Is the SEC Coming For “Ripple Stablecoin” Next?

The world of USD-pegged stablecoins is on fire, inching closer to a staggering $165 billion milestone! Fresh faces like Ethena’s USDe and heavyweights like PayPal and Ripple are shaking things up in this fiercely competitive arena. Ripple, especially, is aiming for the stars, foreseeing a jaw-dropping $2.8 trillion market by 2028. While Ripple sees stablecoins as a vast opportunity for crypto, the SEC finds it as a future violation of security law.  

What’s driving SEC’s move? Let’s find out. 

SEC’s Took a Jab at Ripple’s Stablecoins

Interestingly, Ripple’s stablecoin project finds itself under the SEC’s radar even before its official launch. In their recent filing, the SEC reiterated the status of stablecoin as an “unregistered crypto asset.” The SEC’s argument revolves around Ripple’s history of selling unregistered XRP, suggesting potential future violations of U.S. securities laws. Their scrutiny extends to Ripple’s forthcoming stablecoin, which is characterized as another unregistered crypto asset.

Ripple had announced its dollar-backed cryptocurrency in early April, touting it as an “enterprise-grade” stablecoin set to operate on both the XRP Ledger and Ethereum, aiming to marry traditional finance with the crypto space. According to Ripple’s CTO David Schwartz, the stablecoin’s name will be revealed in June.

Ripple Responded to the Controversy

In response to the SEC’s concerns about potential future violations of U.S. securities laws, Ripple argues that it has obtained licenses from various jurisdictions, including some that don’t classify XRP sales as securities sales. However, the SEC dismisses this argument as absurd, likening it to a New York restaurant claiming it doesn’t need a liquor license because it obtained a fishing license in California.

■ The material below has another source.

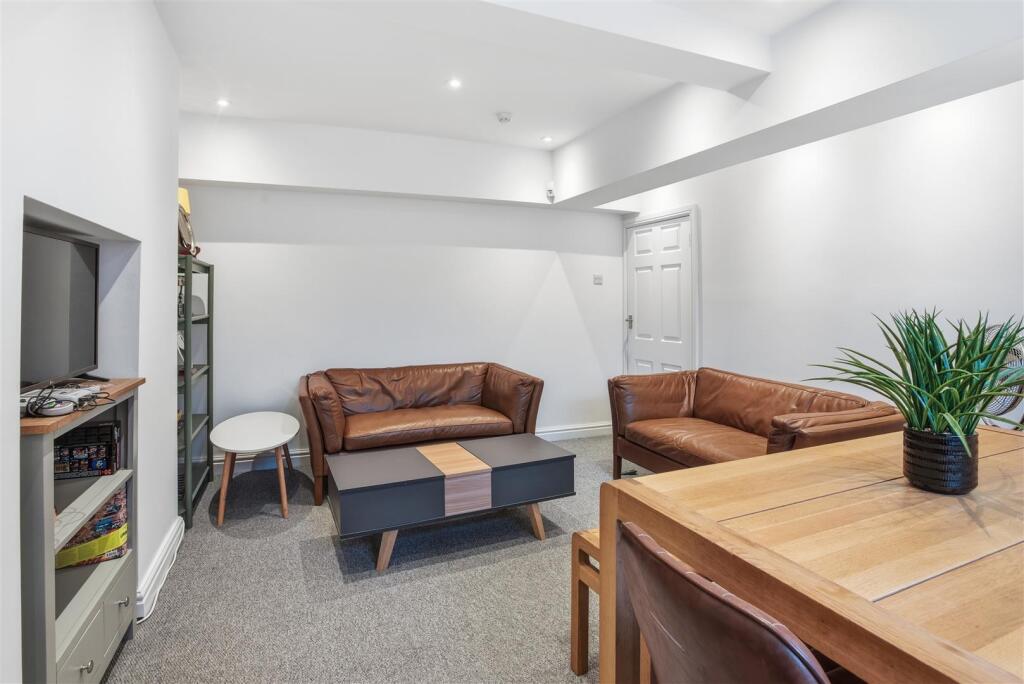 Additional image 18 of Church Street, Alcester B49 5AJ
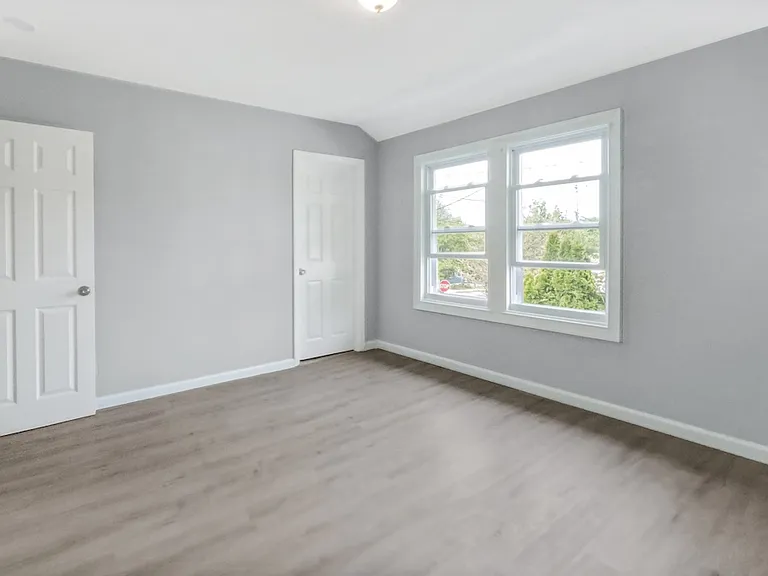 6 Bush Ave — Photo 10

The legal battle inches closer to conclusion, with the SEC pushing for a permanent injunction due to Ripple’s heavy reliance on selling XRP to On-Demand Liquidity (ODL) customers.

In a prior ruling, U.S. District Court Judge Analisa Torres found Ripple guilty of violating security laws through direct sales of XRP to institutional investors. The SEC accuses Ripple of attempting to rehash arguments from summary judgments. They advocate for a substantial penalty to deter future violations, asserting that a mere $10 million, as proposed by Ripple, wouldn’t suffice. They argue that penalties should align with ill-gotten gains, as is customary in court.

Responding to the SEC’s stance, Ripple’s top lawyer, Stuart Alderoty, expresses optimism about nearing resolution by this year if both parties stick to the deadlines. He criticizes the SEC for what he perceives as a misapplication of the law but acknowledges progress toward closure in the lawsuit.